In this lab you can work from the local computer in Cygwin, or later do all the work from any other computer on canmpus by logging in remotely using ssh.
You will explore parallel implementation using MPI and/or CUDA on GPUs.
This lab spans three weeks. Solve two projects. For those less advanced in computing, I can count as one project i) (theoretical) discussion/implementation of the handshake algorithm, ii) summary/overview of all CUDA demos that you installed and viewed.

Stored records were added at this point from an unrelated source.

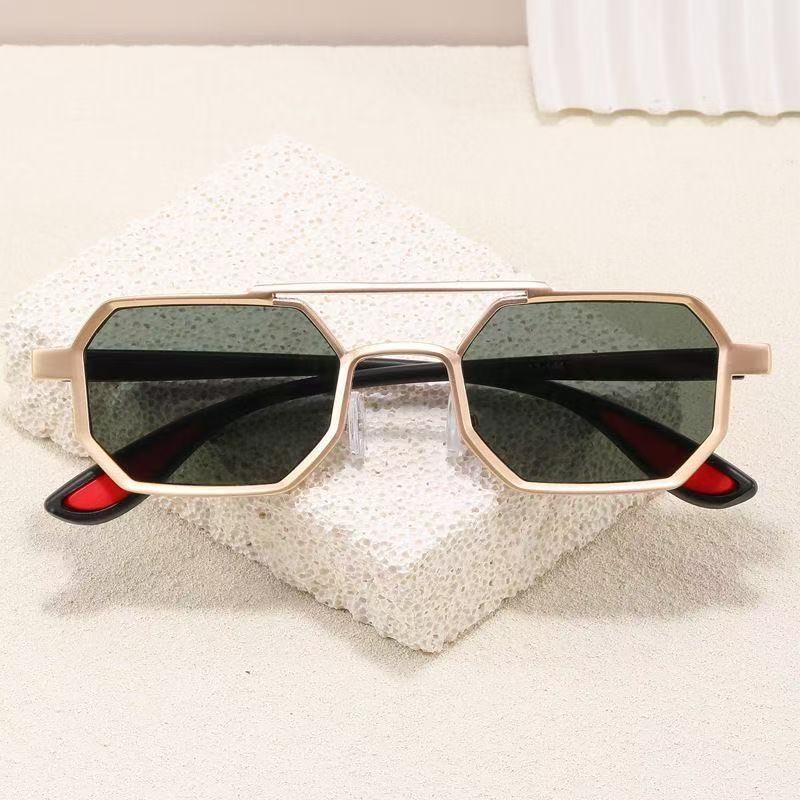 "Steal the Spotlight – Black Octagonal Double-Bar Sunglasses (Yacht & Street Ready)"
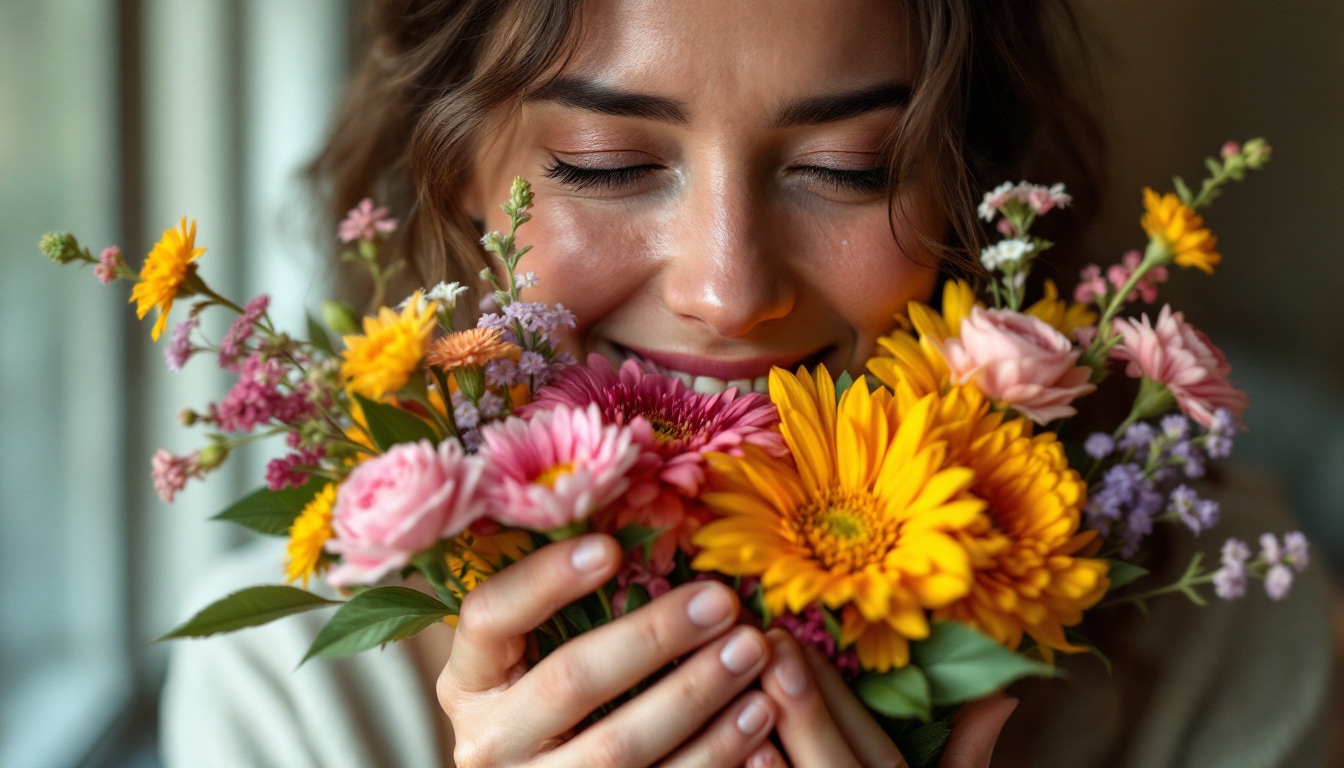 personne offre un bouquet personnalisé de fleurs de naissance
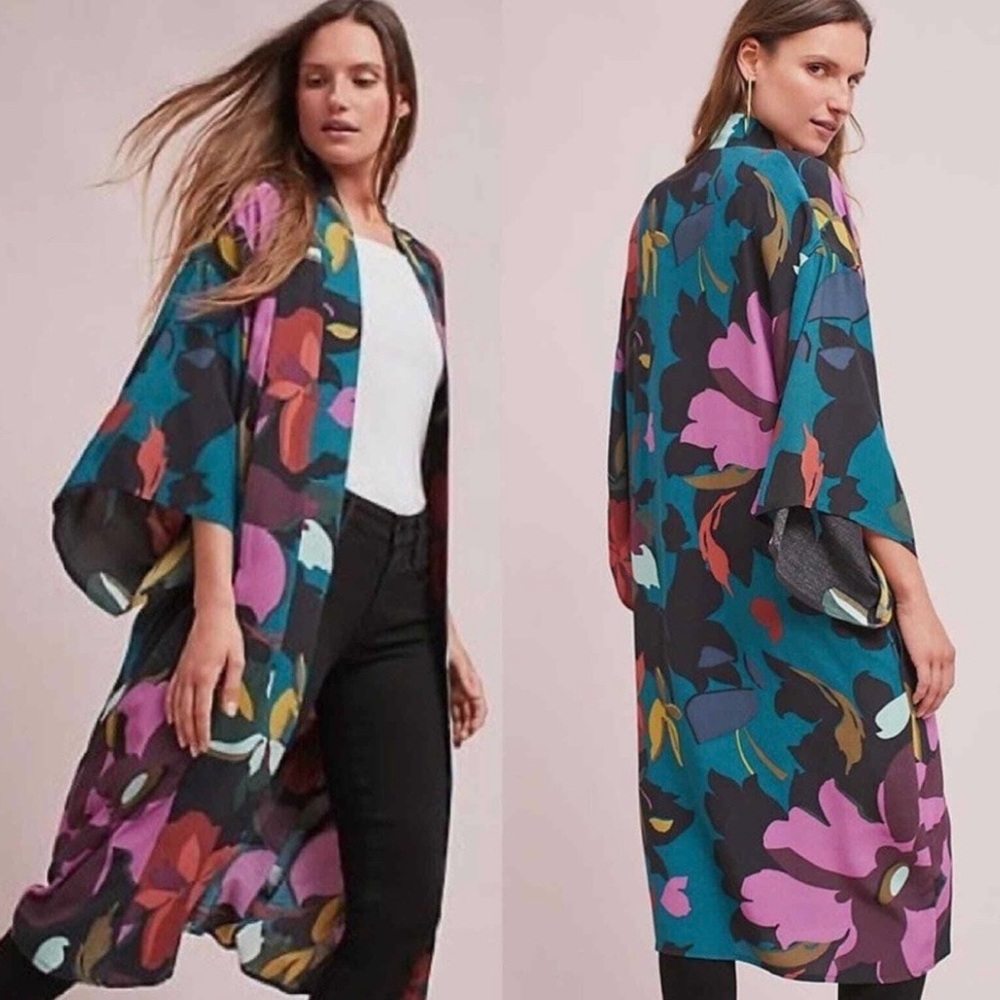Anthropologie Maeve Kira Long Floral Kimono Jacket  Multicolor XS/Small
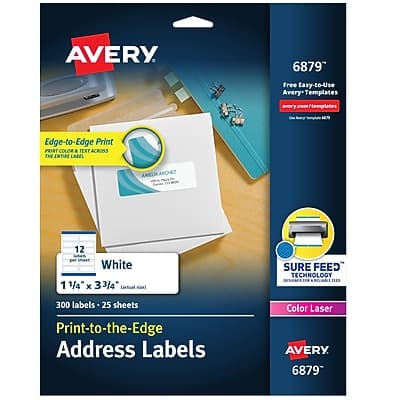 Avery - Print-to-the-Edge Laser/Copier Shipping Labels, 1-1/4" x 3-3/4", 300 Labels/Pack - Matte White Avery - Print-to-the-Edge Laser/Copier Shipping Labels, 1-1/4" x 3-3/4", 300 Labels/Pack - Matte White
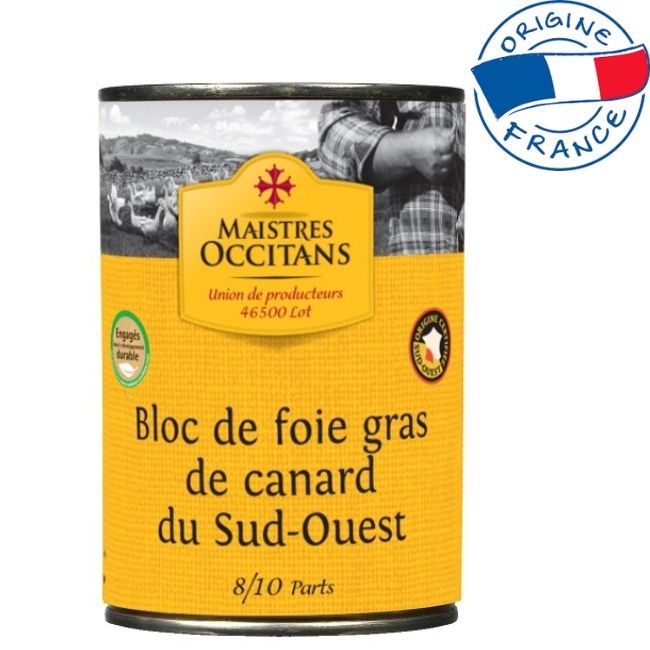 MAISTRES OCCITANS Bloc de foie-gras de rata 400 g,  IGP Sud-Vestul Frantei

Read background information

There will be a class demonstration of both technologies in class. Please wait.
During the lab, I encourage all to log in to the Linux machines in the back with NVIDIA CUDA and to follow instructions to get all the demos.

Project 1: Modify your mypi.f program and submission scripts to test its behavior with changing number of subintervals myn from the one given to a very large number. Collect the timings.
Test your code on 2, 4, 8 processors. Do you have the same results ? Do you expect to have the same results ? How does the error behave ? Comment on

accuracy of pi computed
scalability of your code

To get the timings for your program (and to test scalability), use this MPI_Wtime function

Optional: design your own computation of pi using the algorithm from Lab1. Compare with this one.

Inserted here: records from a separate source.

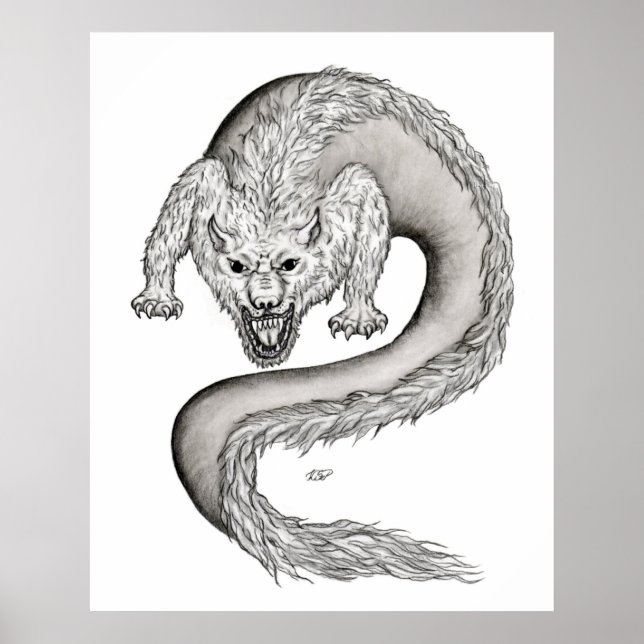 Wolfdrachen Schwarz-Weiß-Design Poster (Vorne)
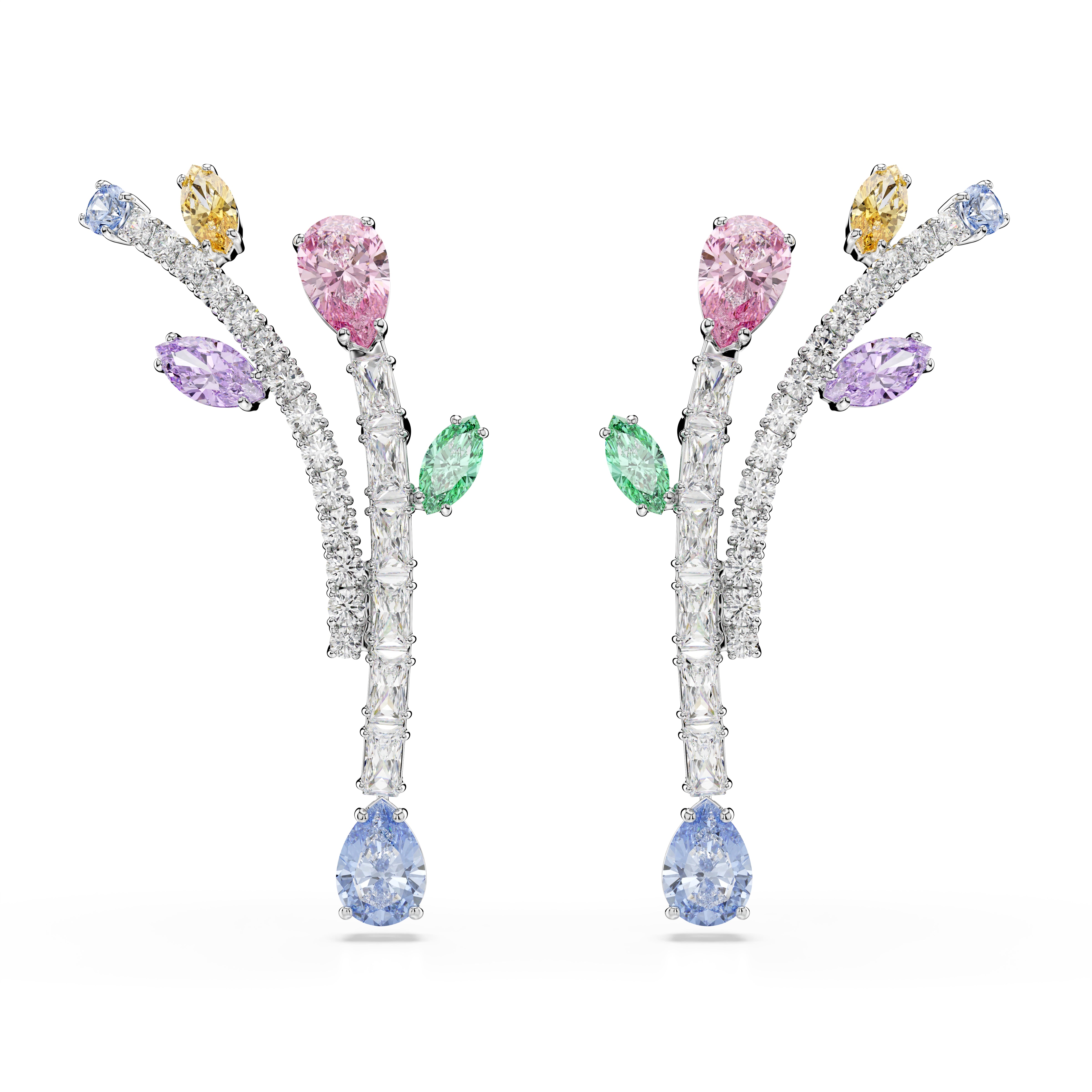 Swarovski Ariana Grande x Swarovski drop earrings – Mixed cuts, Multicolored, Rhodium plated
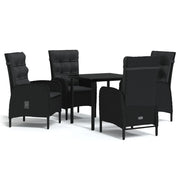 Set da pranzo da esterno nero da 5 pezzi con cuscini 02_0014150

Project 2: Overlapping domain decomposition.

You may want to follow this introductory example on send/receive before you go on.

Get handshake.f
Look at the code and CORRECT it, As is, it will produce unpleasant results.
Rig a submission script for it, compile the code and run it on the cluster.

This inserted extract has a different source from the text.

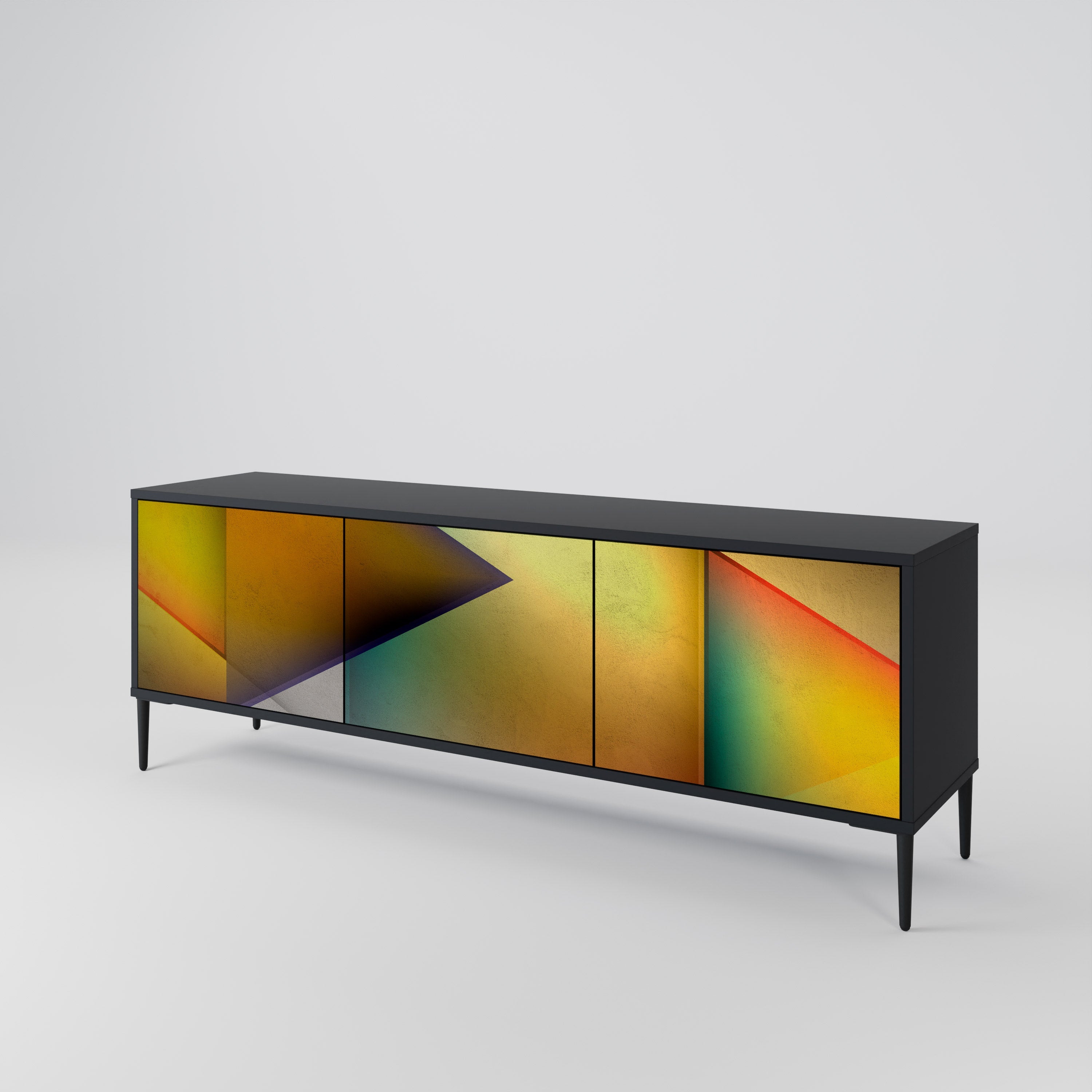 Meuble TV 3 portes PIERCING SHARPNESS finition noire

Now that you know how to do global reduce operation (as in mypi.f) and send-receive's as in handshake.f), you are ready to create an algorithm for myjacobi_parallel.f which should be an extension of the algorithm discussed in class.

Make sure first your single processor (serial) version runs. Your parallel version should run the same way with exactly the same results. Here is a template myjacobi_parallel.m

Implement the algorithm incrementally (in Fortran) and make sure each step is correct before you proceed to the next:

put the handshake-like message passing in it first, set maxiter to 3 or 5 (so the code would finish soon), and test the code.
put in Aleft, Aright, uleft, uright in both the matrix x vector product and in Jacobi loop
put in the global reduce to compute global norm of the residual
run it with an appropriate value of maxiter

Project 3:: Newton-CG using CUDA implementation of BLAS. CUBLAS documentation I am assuming that you got settled on the machines with TeslaC1060 cards and ran some demos. Now follow the simpleCUDABLAS example to morph it eventually into your Newton-CG code.

copy the simpleCUDABLAs project to your own folder, remove other projects, (keep simpleCUDA for comparison), make the executable and run it.
modify it
- print actual errors between host and device computations
- try some other blas functions; sdot, saxpy, snrm2
- load matrices with something else beside random values
- try matrix vector product sgemv
now implement cg for -u''=f ... you can use the mycg.m template
now implement Newton-CG for -u'' = f(u) as in LAB3.html

Project 4: Implement all the various ways to compute pi from scratch in CUDA.

write the code so it can work with different numbers of thread blocks.
write the code so it can work with different GPUs.